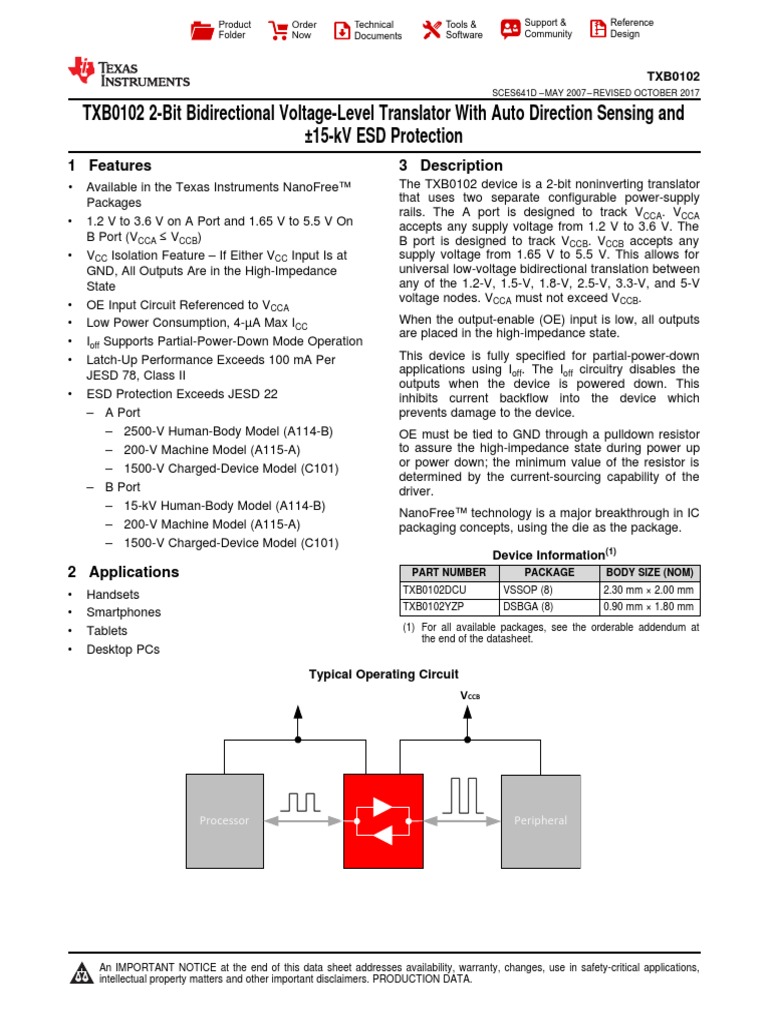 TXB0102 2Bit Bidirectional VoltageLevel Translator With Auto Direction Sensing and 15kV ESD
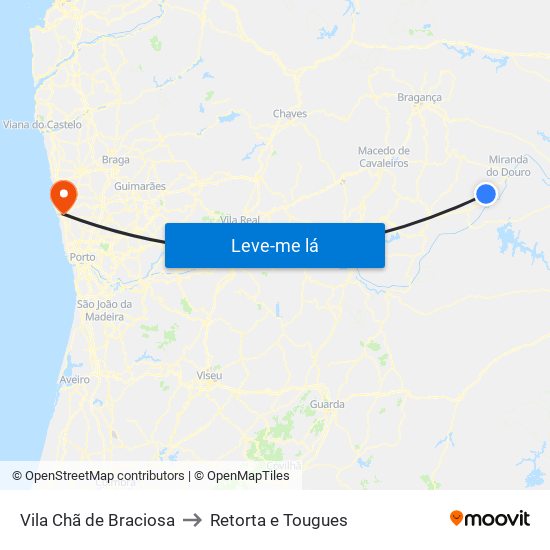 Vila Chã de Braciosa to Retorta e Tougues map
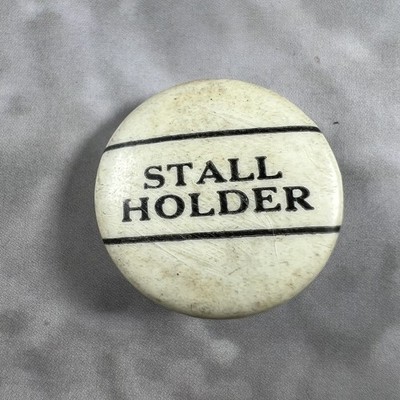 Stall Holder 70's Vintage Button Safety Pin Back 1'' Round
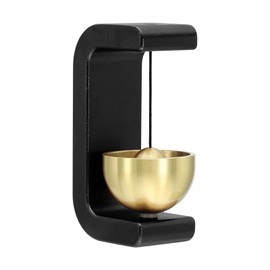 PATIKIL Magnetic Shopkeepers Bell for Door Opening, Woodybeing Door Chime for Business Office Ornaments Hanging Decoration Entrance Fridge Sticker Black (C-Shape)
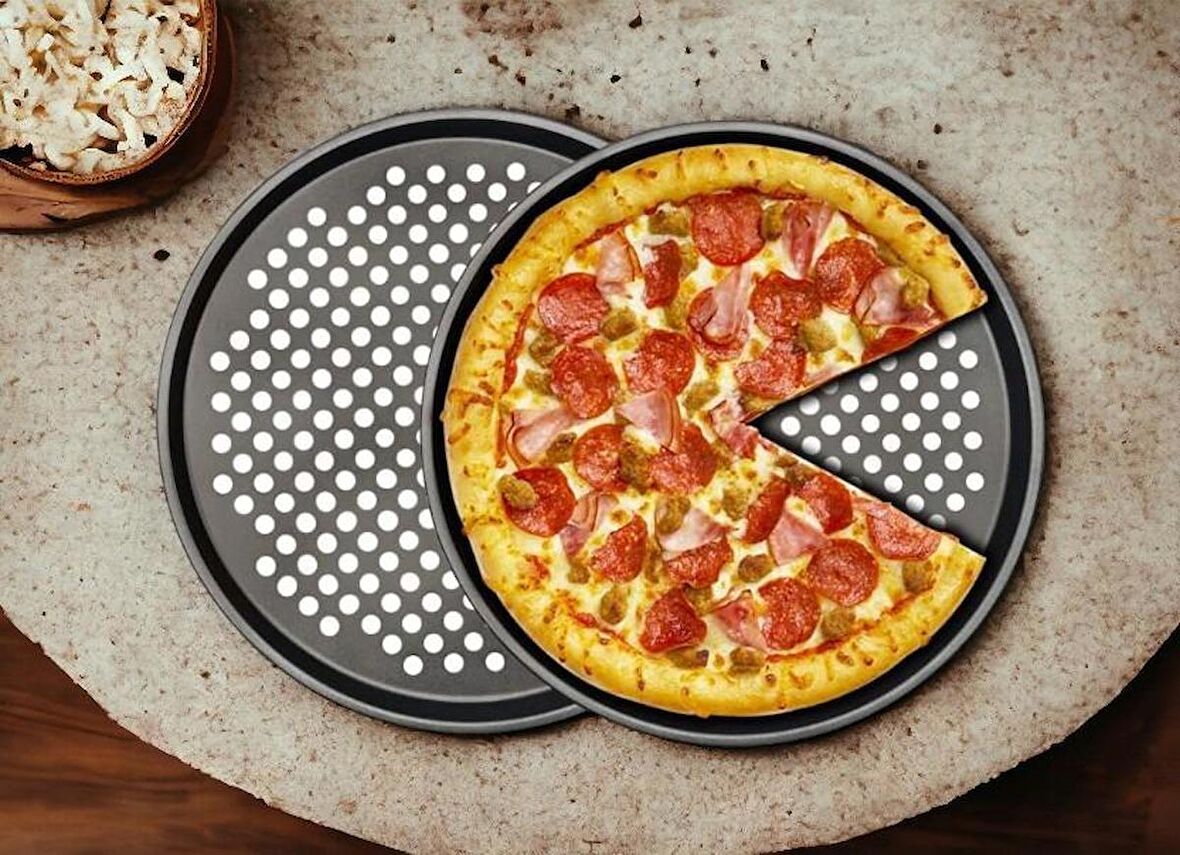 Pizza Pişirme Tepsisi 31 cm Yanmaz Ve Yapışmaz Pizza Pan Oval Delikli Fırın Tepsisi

--

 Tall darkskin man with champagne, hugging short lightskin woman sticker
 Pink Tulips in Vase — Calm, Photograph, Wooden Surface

**EXERCISE AIM**
Your answer must be everything above from the line with "TXB0102 2Bit Bidirectional" down to the line with "Pizza Pişirme Tepsisi", word for word, and no pictures.

**REPLY**
 TXB0102 2Bit Bidirectional VoltageLevel Translator With Auto Direction Sensing and 15kV ESD
 Vila Chã de Braciosa to Retorta e Tougues map
 Stall Holder 70's Vintage Button Safety Pin Back 1'' Round
 PATIKIL Magnetic Shopkeepers Bell for Door Opening, Woodybeing Door Chime for Business Office Ornaments Hanging Decoration Entrance Fridge Sticker Black (C-Shape)
 Pizza Pişirme Tepsisi 31 cm Yanmaz Ve Yapışmaz Pizza Pan Oval Delikli Fırın Tepsisi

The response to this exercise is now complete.